What this task involves –
Nothing but the pictures is dropped; write out all the remaining data below exactly.

[Crawled caption data]

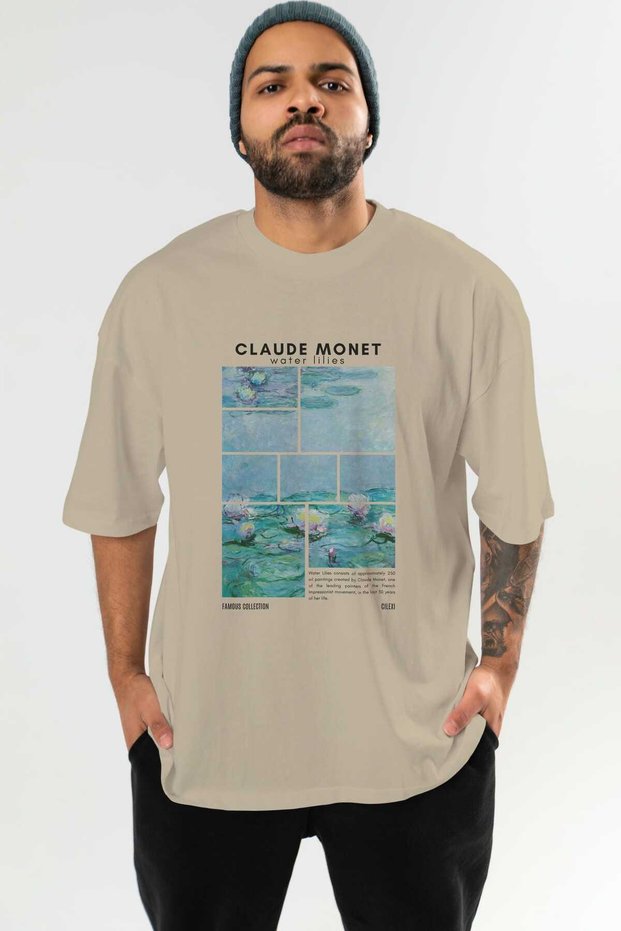 Claude Monet Front Printed Beige Oversize T-Shirt Men Women Crew Neck Cotton t Shirt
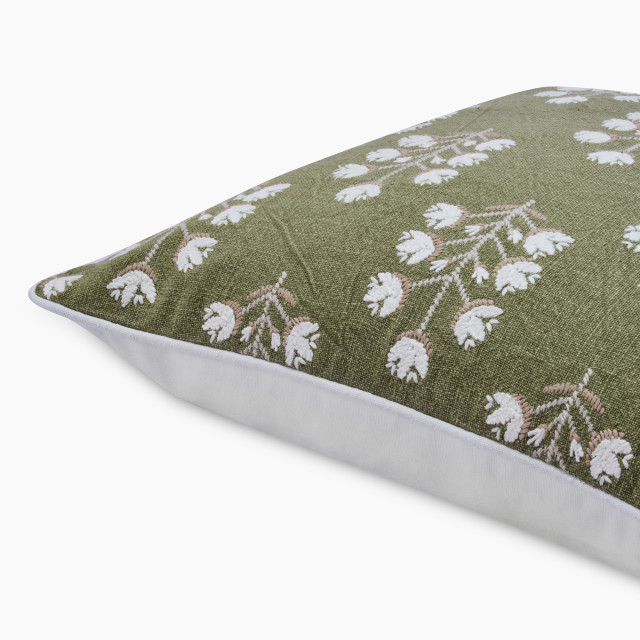 Thread Office Green Embroidery Block Flower Scatter Cushion with Feather Blend Inner, 50cm x 50cm close up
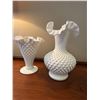 Image 3 : Hobnail Milk Glass Vases, 2 pieces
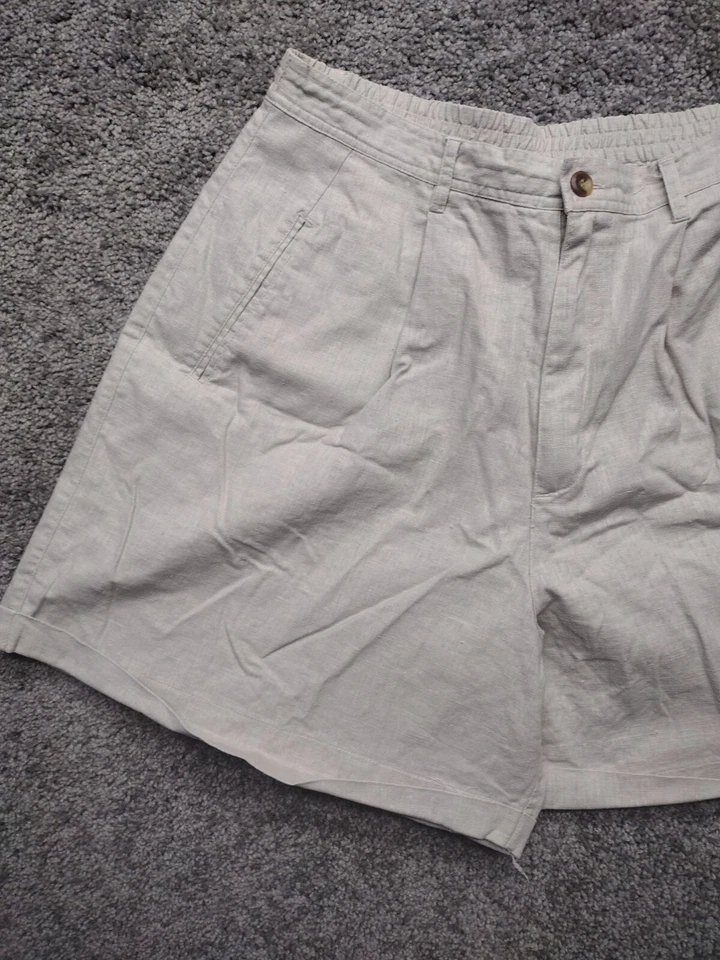 Bermudas para mujer de colección blancas ciervo beige/tostado caqui talla 14 mezcla de lino Y2K Foto 3 de 4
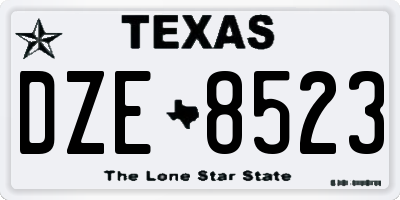 TX license plate DZE8523
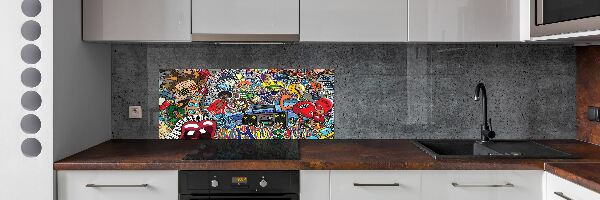 Cooker splashback Musical collage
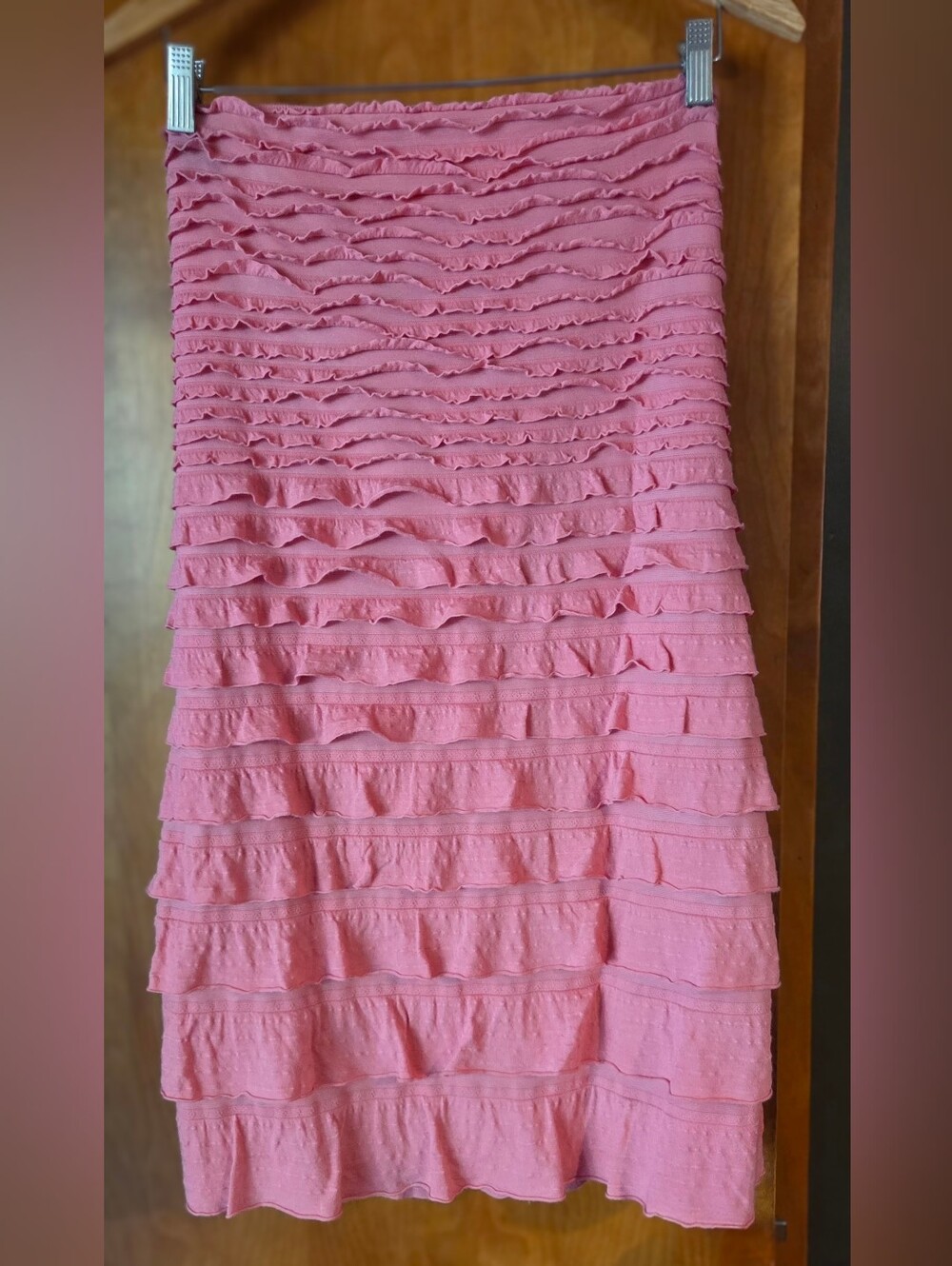 Pink Ruffle Tiered Midi Skirt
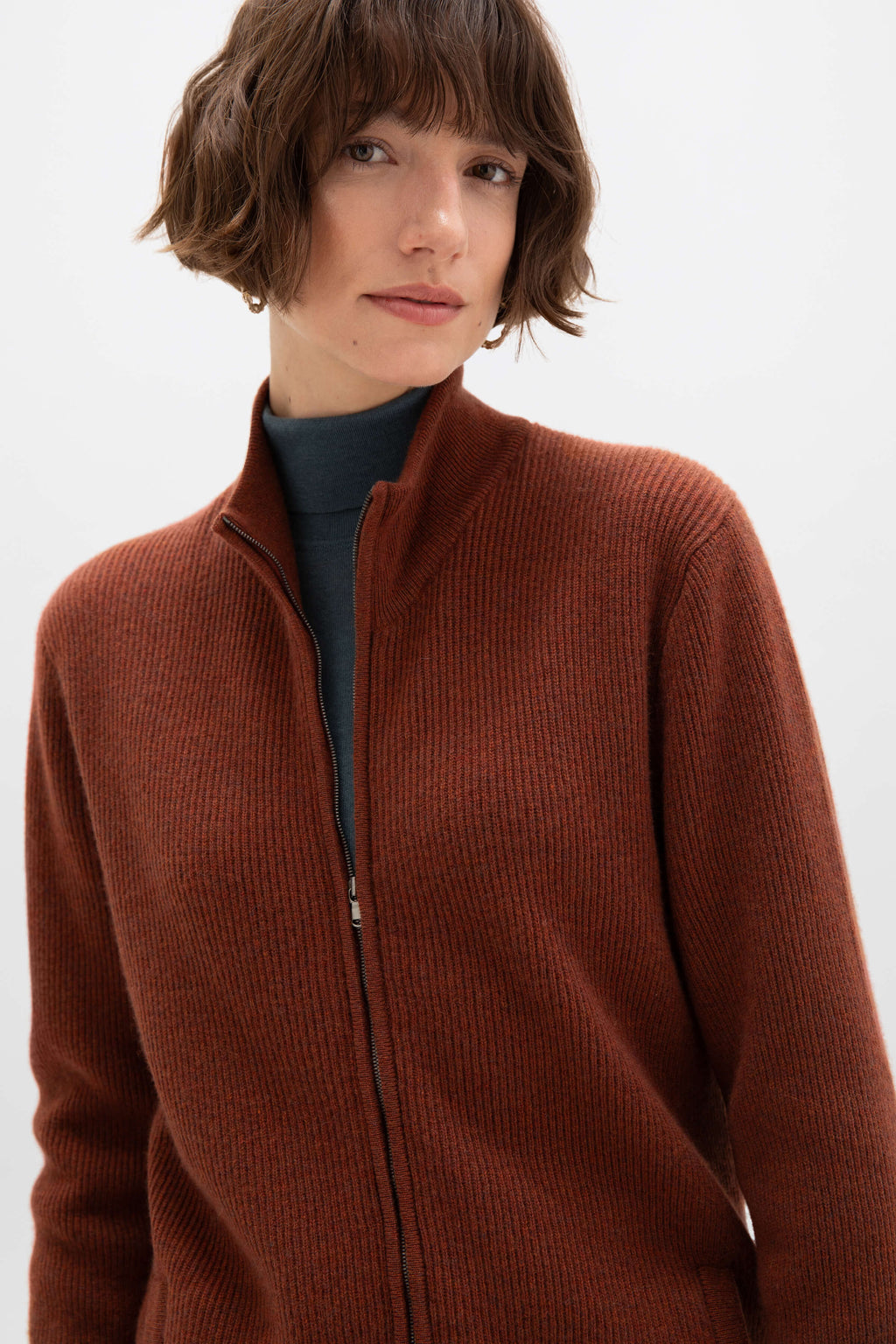 Front Zip Red Cashmere Cardigan
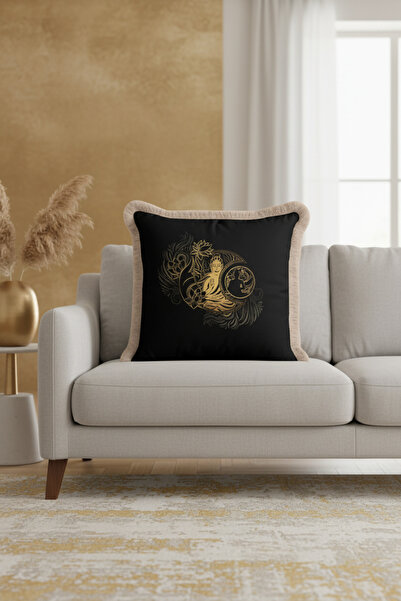 Evimde Bambaşka غطاء وسادة بودا لوتس ذو اللون الذهبي - غطاء وسادة مزين بشراشيب باللون الأسود الكريمي بنمط بوهيمي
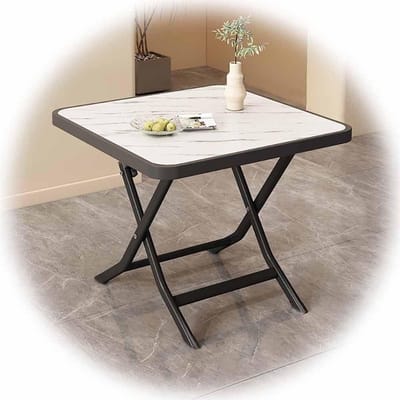 Houten klaptafel 35 inch met wit marmeren textuur tafelblad, 24/28 inch moderne salontafel 39 inch keuken eettafel outdoor vrije tijd tafel, stalen frame, rond/vierkant (kleur: B, maat:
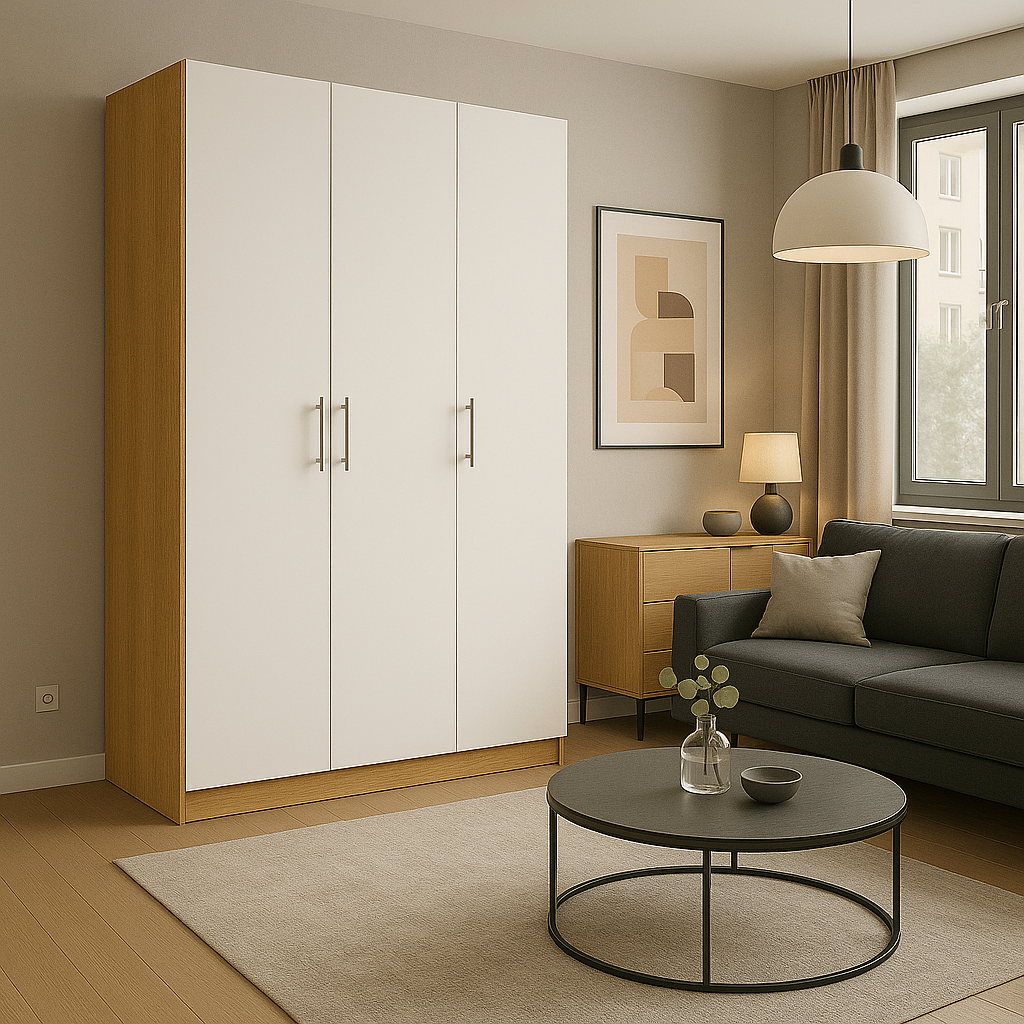 Шафа розпашна SENAM ШР6 2600х1400х450 мм корпус ДСП Дуб крафт золотий/фасад ДСП Білий (ШР6.26.45.14.7)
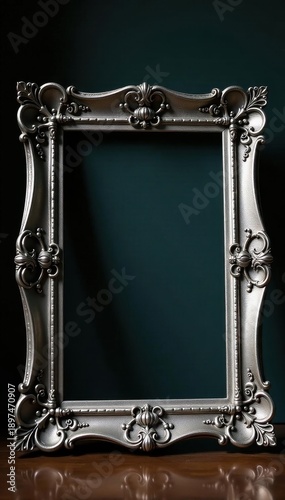 Wallpaper Mural Ornate silver picture frame, weathered, dark background , photography, home decor, old silver frame Torontodigital.ca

Written response –
 Claude Monet Front Printed Beige Oversize T-Shirt Men Women Crew Neck Cotton t Shirt
 Thread Office Green Embroidery Block Flower Scatter Cushion with Feather Blend Inner, 50cm x 50cm close up
 Image 3 : Hobnail Milk Glass Vases, 2 pieces
 Bermudas para mujer de colección blancas ciervo beige/tostado caqui talla 14 mezcla de lino Y2K Foto 3 de 4
 TX license plate DZE8523
 Cooker splashback Musical collage
 Pink Ruffle Tiered Midi Skirt
 Front Zip Red Cashmere Cardigan
 Evimde Bambaşka غطاء وسادة بودا لوتس ذو اللون الذهبي - غطاء وسادة مزين بشراشيب باللون الأسود الكريمي بنمط بوهيمي
 Houten klaptafel 35 inch met wit marmeren textuur tafelblad, 24/28 inch moderne salontafel 39 inch keuken eettafel outdoor vrije tijd tafel, stalen frame, rond/vierkant (kleur: B, maat:
 Шафа розпашна SENAM ШР6 2600х1400х450 мм корпус ДСП Дуб крафт золотий/фасад ДСП Білий (ШР6.26.45.14.7)
 Wallpaper Mural Ornate silver picture frame, weathered, dark background , photography, home decor, old silver frame Torontodigital.ca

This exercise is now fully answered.